▶ About this exercise
Each of the entries should be output exactly, with nothing left out.

▶ Caption-style text data
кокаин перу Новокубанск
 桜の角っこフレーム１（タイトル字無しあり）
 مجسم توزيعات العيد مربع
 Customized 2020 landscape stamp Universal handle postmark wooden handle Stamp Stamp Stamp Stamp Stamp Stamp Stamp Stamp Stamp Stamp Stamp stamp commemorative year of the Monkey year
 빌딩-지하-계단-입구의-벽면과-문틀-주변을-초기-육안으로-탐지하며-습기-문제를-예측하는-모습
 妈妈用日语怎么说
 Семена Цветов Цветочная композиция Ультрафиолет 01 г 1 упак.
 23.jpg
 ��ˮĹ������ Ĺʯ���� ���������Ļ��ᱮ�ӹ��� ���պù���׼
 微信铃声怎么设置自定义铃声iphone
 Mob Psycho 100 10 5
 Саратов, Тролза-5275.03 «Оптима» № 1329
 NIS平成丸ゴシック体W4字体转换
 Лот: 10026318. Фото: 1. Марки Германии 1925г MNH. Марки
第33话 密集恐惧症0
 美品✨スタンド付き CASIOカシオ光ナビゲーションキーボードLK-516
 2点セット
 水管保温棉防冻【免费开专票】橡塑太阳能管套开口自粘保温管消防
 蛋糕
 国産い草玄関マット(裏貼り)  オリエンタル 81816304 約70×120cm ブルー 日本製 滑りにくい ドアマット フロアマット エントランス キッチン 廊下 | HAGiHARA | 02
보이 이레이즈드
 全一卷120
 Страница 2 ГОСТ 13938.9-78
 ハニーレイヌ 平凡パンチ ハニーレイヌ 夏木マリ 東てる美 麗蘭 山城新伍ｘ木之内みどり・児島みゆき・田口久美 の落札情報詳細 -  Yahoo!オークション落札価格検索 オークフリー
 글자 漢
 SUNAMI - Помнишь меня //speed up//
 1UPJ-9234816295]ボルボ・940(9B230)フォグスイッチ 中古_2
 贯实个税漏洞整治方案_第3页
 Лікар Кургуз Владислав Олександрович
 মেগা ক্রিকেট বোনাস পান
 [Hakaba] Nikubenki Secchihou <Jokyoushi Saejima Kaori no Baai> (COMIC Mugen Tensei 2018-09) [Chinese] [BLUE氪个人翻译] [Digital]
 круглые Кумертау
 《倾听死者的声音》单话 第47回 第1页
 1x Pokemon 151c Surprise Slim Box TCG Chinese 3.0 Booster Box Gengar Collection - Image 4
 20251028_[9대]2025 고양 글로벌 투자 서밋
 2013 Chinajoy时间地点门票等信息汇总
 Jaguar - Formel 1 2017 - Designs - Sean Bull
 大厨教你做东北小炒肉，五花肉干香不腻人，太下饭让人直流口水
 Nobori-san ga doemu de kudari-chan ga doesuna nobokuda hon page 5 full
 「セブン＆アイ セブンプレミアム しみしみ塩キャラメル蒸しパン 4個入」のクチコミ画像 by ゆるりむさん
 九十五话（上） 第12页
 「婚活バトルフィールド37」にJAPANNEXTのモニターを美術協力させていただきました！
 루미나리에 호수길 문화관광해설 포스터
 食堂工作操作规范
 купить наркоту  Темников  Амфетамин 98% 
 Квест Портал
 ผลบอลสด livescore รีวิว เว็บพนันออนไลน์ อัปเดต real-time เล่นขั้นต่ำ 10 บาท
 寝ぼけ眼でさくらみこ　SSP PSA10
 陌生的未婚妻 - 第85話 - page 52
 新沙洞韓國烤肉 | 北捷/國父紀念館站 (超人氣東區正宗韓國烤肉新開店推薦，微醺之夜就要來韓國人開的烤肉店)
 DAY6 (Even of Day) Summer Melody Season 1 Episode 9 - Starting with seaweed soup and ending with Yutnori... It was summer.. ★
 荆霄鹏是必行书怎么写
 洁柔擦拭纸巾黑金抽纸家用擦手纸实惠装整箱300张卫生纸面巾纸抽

▶ Response to this task
кокаин перу Новокубанск
 桜の角っこフレーム１（タイトル字無しあり）
 مجسم توزيعات العيد مربع
 Customized 2020 landscape stamp Universal handle postmark wooden handle Stamp Stamp Stamp Stamp Stamp Stamp Stamp Stamp Stamp Stamp Stamp stamp commemorative year of the Monkey year
 빌딩-지하-계단-입구의-벽면과-문틀-주변을-초기-육안으로-탐지하며-습기-문제를-예측하는-모습
 妈妈用日语怎么说
 Семена Цветов Цветочная композиция Ультрафиолет 01 г 1 упак.
 23.jpg
 ��ˮĹ������ Ĺʯ���� ���������Ļ��ᱮ�ӹ��� ���պù���׼
 微信铃声怎么设置自定义铃声iphone
 Mob Psycho 100 10 5
 Саратов, Тролза-5275.03 «Оптима» № 1329
 NIS平成丸ゴシック体W4字体转换
 Лот: 10026318. Фото: 1. Марки Германии 1925г MNH. Марки
第33话 密集恐惧症0
 美品✨スタンド付き CASIOカシオ光ナビゲーションキーボードLK-516
 2点セット
 水管保温棉防冻【免费开专票】橡塑太阳能管套开口自粘保温管消防
 蛋糕
 国産い草玄関マット(裏貼り)  オリエンタル 81816304 約70×120cm ブルー 日本製 滑りにくい ドアマット フロアマット エントランス キッチン 廊下 | HAGiHARA | 02
보이 이레이즈드
 全一卷120
 Страница 2 ГОСТ 13938.9-78
 ハニーレイヌ 平凡パンチ ハニーレイヌ 夏木マリ 東てる美 麗蘭 山城新伍ｘ木之内みどり・児島みゆき・田口久美 の落札情報詳細 -  Yahoo!オークション落札価格検索 オークフリー
 글자 漢
 SUNAMI - Помнишь меня //speed up//
 1UPJ-9234816295]ボルボ・940(9B230)フォグスイッチ 中古_2
 贯实个税漏洞整治方案_第3页
 Лікар Кургуз Владислав Олександрович
 মেগা ক্রিকেট বোনাস পান
 [Hakaba] Nikubenki Secchihou <Jokyoushi Saejima Kaori no Baai> (COMIC Mugen Tensei 2018-09) [Chinese] [BLUE氪个人翻译] [Digital]
 круглые Кумертау
 《倾听死者的声音》单话 第47回 第1页
 1x Pokemon 151c Surprise Slim Box TCG Chinese 3.0 Booster Box Gengar Collection - Image 4
 20251028_[9대]2025 고양 글로벌 투자 서밋
 2013 Chinajoy时间地点门票等信息汇总
 Jaguar - Formel 1 2017 - Designs - Sean Bull
 大厨教你做东北小炒肉，五花肉干香不腻人，太下饭让人直流口水
 Nobori-san ga doemu de kudari-chan ga doesuna nobokuda hon page 5 full
 「セブン＆アイ セブンプレミアム しみしみ塩キャラメル蒸しパン 4個入」のクチコミ画像 by ゆるりむさん
 九十五话（上） 第12页
 「婚活バトルフィールド37」にJAPANNEXTのモニターを美術協力させていただきました！
 루미나리에 호수길 문화관광해설 포스터
 食堂工作操作规范
 купить наркоту  Темников  Амфетамин 98% 
 Квест Портал
 ผลบอลสด livescore รีวิว เว็บพนันออนไลน์ อัปเดต real-time เล่นขั้นต่ำ 10 บาท
 寝ぼけ眼でさくらみこ　SSP PSA10
 陌生的未婚妻 - 第85話 - page 52
 新沙洞韓國烤肉 | 北捷/國父紀念館站 (超人氣東區正宗韓國烤肉新開店推薦，微醺之夜就要來韓國人開的烤肉店)
 DAY6 (Even of Day) Summer Melody Season 1 Episode 9 - Starting with seaweed soup and ending with Yutnori... It was summer.. ★
 荆霄鹏是必行书怎么写
 洁柔擦拭纸巾黑金抽纸家用擦手纸实惠装整箱300张卫生纸面巾纸抽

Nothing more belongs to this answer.